For a brief period in Palestinian politics between the establishment of the pa in July 1994 and the entry of the pa into the six major towns of the West Bank in January 1996, Gaza held the limelight as Yasser *Arafat set up headquarters in the city of Gaza. Even afterwards, Arafat, realizing the popularity of the two major Islamic organizations native to Gaza, spent much of his time, if not most, in Gaza to assure his control in the area. Most of the other formerly Tunis-based Palestinian politicians and organizations preferred, however, Ramallah and even though sessions of the Palestinian Legislative Council, elected in January 1996, took place in both, increasing government business was transacted in the latter.

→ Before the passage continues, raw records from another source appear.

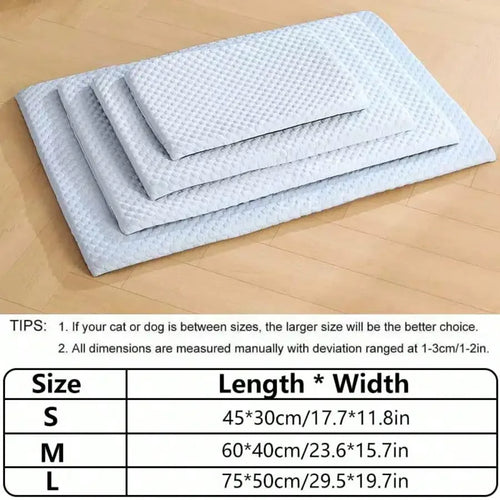 1pc Sponge Cooling Cat and Dog Pet Bed, Thick Padding Comfortable Cool Breathable, Non-Slip and Washable Cooling and Suitable For All Seasons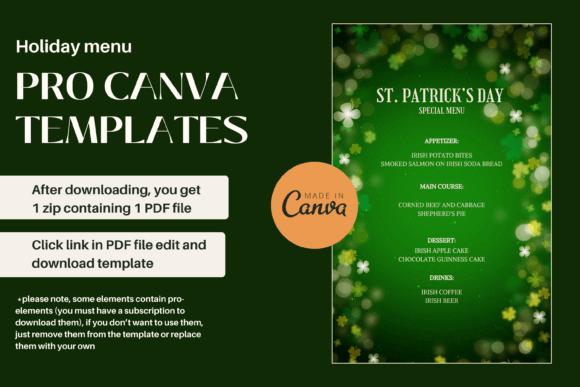 St. Patrick's Day Menu Canva Template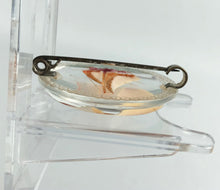 Load image into Gallery viewer, Original 1940s 1950s Circular Reverse Carved Lucite Brooch with Sailing Ship on the Sea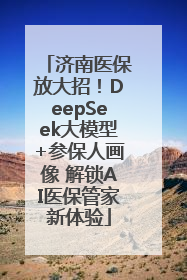 济南医保放大招！DeepSeek大模型+参保人画像 解锁AI医保管家新体验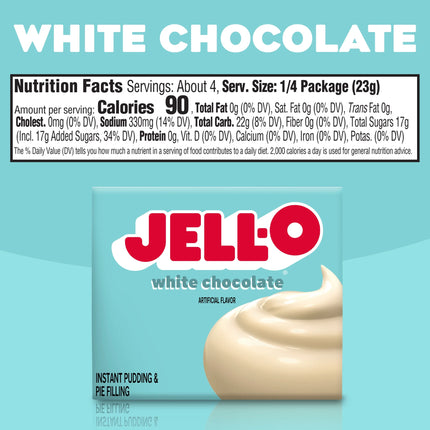 Jell-O White Chocolate Instant Pudding & Pie Filling Mix, 3.3 Oz Box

Arafat's political instincts were correct. For the pa and Arafat, Gaza became a major source of opposition; in November 1994, pa security forces gunned down 12 mostly Hamas activists coming out of mosque in the city of Gaza to quell a continuation of mass protests against the pa for arresting and harassing its members; the three suicide bombings of late February–early March 1996 resulting in 57 deaths in Israel were all planned, organized, and carried out in Gaza by the Hamas. Israel reacted to suicide-bombing by curtailing work permits and targeting Hamas and Islamic Jihad terrorists.
Nevertheless, there was some room for hope and prosperity. An airport in Dahaniya in Gaza was opened, the Erez industrial park in the north rapidly expanded, and another industrial park was established in Karni, but none of these developments could make up for restricted and much reduced access to the Israeli labor market and led to a 40 percent decline in the average income level since the Oslo peace process in 1993.
Access to the Israeli labor market terminated almost completely with the outbreak of armed conflict between the pa and the Palestinian factions in September 2000; Gaza became the stage of mass armed demonstrations and protests and soon thereafter of recurring armed assaults and suicide attacks against the Israeli military and civilian presence there, including 18 settlements established since 1971. Unlike Judea and Samaria, where two massive idf military offensives in 2002 and the partial reoccupation of its towns brought about a significant reduction of terrorism and armed attacks, in Gaza terrorism and guerrilla activity increased from 2002 to 2005 reaching levels of violence unparalleled in Judea and Samaria, which even the assassination of Ahmad Yasin, the founder and leader of Hamas in March 2004, and one month afterwards of his successor, ʿAbd al-ʿAzīz al-Rantīsī, only temporarily reduced.
[Hillel Frisch (2nd ed.)]
Socioeconomic Features under Israeli Rule
The Israeli occupation of the Gaza Strip in 1967 brought immediate economic relief to Gaza's residents, as Israel opened its labor market to Palestinians. In 1968, according to Israeli statistics, about 82.5% of the Strip's laborers were employed. In 1973 this figure reached 99.1%, with about one-third (32.7%) of these workers finding their main employment in Israel. The level of employment in Israel continued to increase. In 1979 it stood at 42.4% and in 1986 at almost half of the total (46.1%); in Israel, the Palestinian workers from Gaza were engaged in labor-intensive jobs, but their wages were far lower by 59% than those of the Israeli workforce. From 1968 to 1986 the average annual population growth in the Strip stood at 2.2%, with an annual growth of 2.5% in per capita gdp (from 3,508 nis to 5,964 nis in 2005 prices); yet this deteriorated between 1979 and 1985 (from 6,593 nis to 5,346 nis). These trends were significantly different from the more economically viable West Bank: in 1968 per capita gdp in the Gaza Strip was 18% less than in the West Bank, but by 1986 it was lower by 55%.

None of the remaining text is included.